We somehow have a propensity to cling on to possessions that we do not need or even things that have outlived their utility. Shedding off extras and tidying up our tools has somehow not been our forte and that reflects not only in our personal life but also in our professional pursuits. Even Indian legislators, considered to be leaders in their own right and guardians of law and its standardisation in the biggest democracy on earth are no exception to this rule. Rather, they fail abjectly on this count.
In such an overall gloomy context, it is heartening to find a new awareness on the horizon for the Indian State on this subject with the announcement that the government is trying to bring in nearly 200 legislations for repeal. Here’s hoping that in shedding antiquated and obsolete set of rules and laws, the noble exercise will also keep the fundamental principle of “people’s empowerment” as the basic postulate to filter through the maze and scrape the laws that do not conform to this principled approach.

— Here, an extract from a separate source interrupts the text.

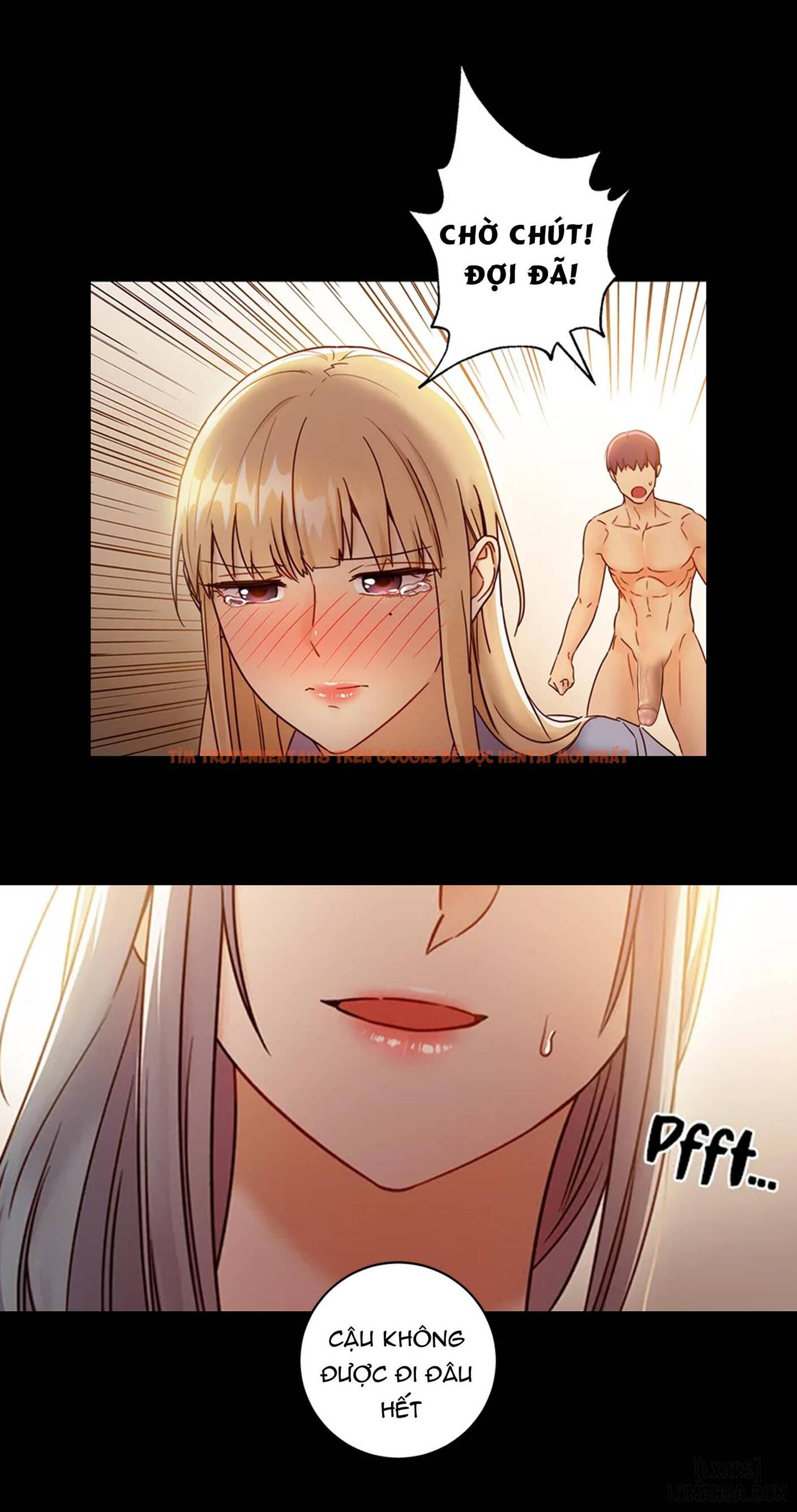 Mẹ Kế Và Những Người Bạn - Chapter 45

To elucidate, it is unfortunate that the fundamental dynamics of enacting laws in India is flawed, since it empowers the political class or the bureaucracy, either at the lower level or in the top echelons, while the citizens of India are disempowered. The legislations are drafted and presented by the administration from lower bureaucracy to the political class in authority, in most cases to serve their own interests. Since the rudimentary thought process for enacting laws is born out of bureaucracy, to a great extent, the original format gets carried to Parliament and state assemblies. Further, the Bills presented to Parliament or state legislatures are hardly discussed or debated, what to talk of threadbare scrutiny of each legislation.

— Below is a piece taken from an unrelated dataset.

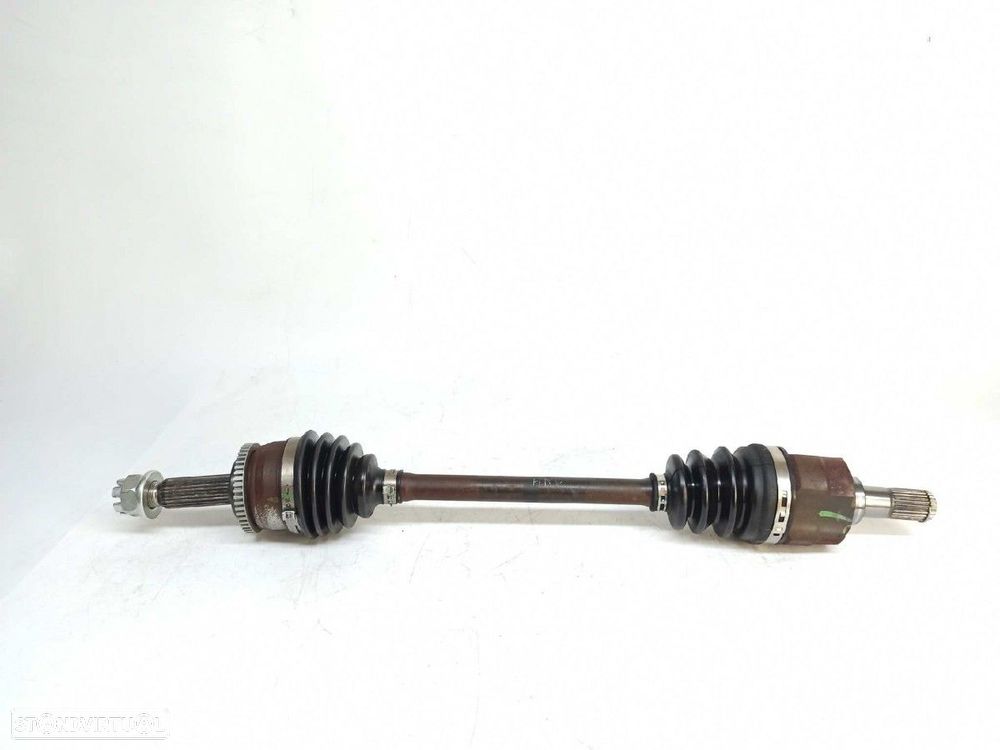 TRANSMISSÃO FRENTE ESQUERDA HYUNDAI I20 TECNO S II - 1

Even when they are debated in Parliament and assemblies, it’s rarely assessed whether the aims and objectives laid down in the Bill are crucial to people’s empowerment or not and will these ever be served. A singular indictment in the entire exercise is that the objectives of the Bill are never the core of discussion, and empowering people is never at the substratum on which the exercise must stand. Given the broad agreement in the world and what people have expressed, it is a sad reality that India’s bureaucracy is a stumbling block primarily in the implementation of a just and fair legal system. There are remote possibilities that a small number of legislations such as the Right to Information (RTI) Act, which empower the people directly, may sneak through because of the media hype and support from activists. However, that is extremely rare and an exception rather than a rule.
Why our laws are forever?
To add insult to the injury is a ludicrous situation in the country that the legislations passed by its Parliament and assemblies are almost forever, although the average life of a law is 65 years. The law must serve the needs of the people, and as a necessary corollary, be also able to adapt to situations thrown up by changing times and society. It can’t stay stagnant and continue to be detrimental to people. Society changes its views over time, as citizens change their values. Along with the responsibility of enacting laws to empower people, the lawmakers also have the duty to identify and study shifts in values, behaviours and expectations; and must consider whether new or amended laws are required, and if so, should either amend or scrap them.

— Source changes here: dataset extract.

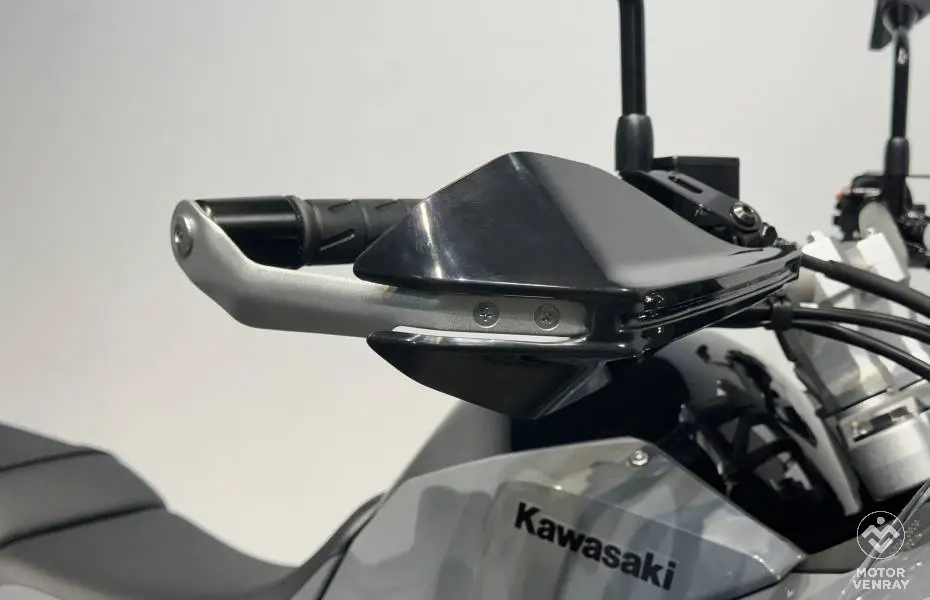 Kawasaki KLE 500 SE 2026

Law-making bodies in most parts of the world have a system to keep going back to the legislations they enacted and evaluate their continuing efficacy or otherwise. Such an exercise ensures that they are moving with the times and also bringing up ideas and thoughts about where those legislations need to be extended or amended, or even repealed if these have outlived their purpose.
The British example
To illustrate from the experience of Britain, a citadel of democracy, it is the question-answer session in Parliament where members analyse and evaluate the enduring efficacy of legislation passed in the august House. This particular motion of question-answer session is, inter alia, meant to discover whether legislation passed by them has actually been able to address the issues for which the relevant statute was made or it has created more problems in its application. As has happened many times, the British Parliament has either amended or scrapped its legislations on the basis of these discussions, recognising the effects of changing times and in keeping with the country’s mood. We don’t find even a single legislation in our Parliament or state assemblies where the question-answer session has either brought any amendment, let alone the scrapping of any legislation.
There are democracies where all legislation has a sunset clause, and the people in those countries are not bound by those laws after the predefined date. When the sunset clause goes active, there will be either an automatic review or a scrapping. The consequences of legislations in their journey after birth in Parliament are permanently in the process of being discussed by the general public and reflect in their reactions to it. The Parliament, having passed the law, should not consider itself infallible so as not to revisit or take a relook; or think that its duty ends once it has framed the law. This sunset clause will determine the quantum of life that legislation will have, and when it needs to be scrapped.
The reconsideration of laws by the state is not a sign of its incompetency but an open-hearted gesture of being cognisant and alive to the emerging new realities, while always keeping the fundamental motto of people’s empowerment as the basis of all legislation. Let’s hope the exercise being attempted now does a good job of it.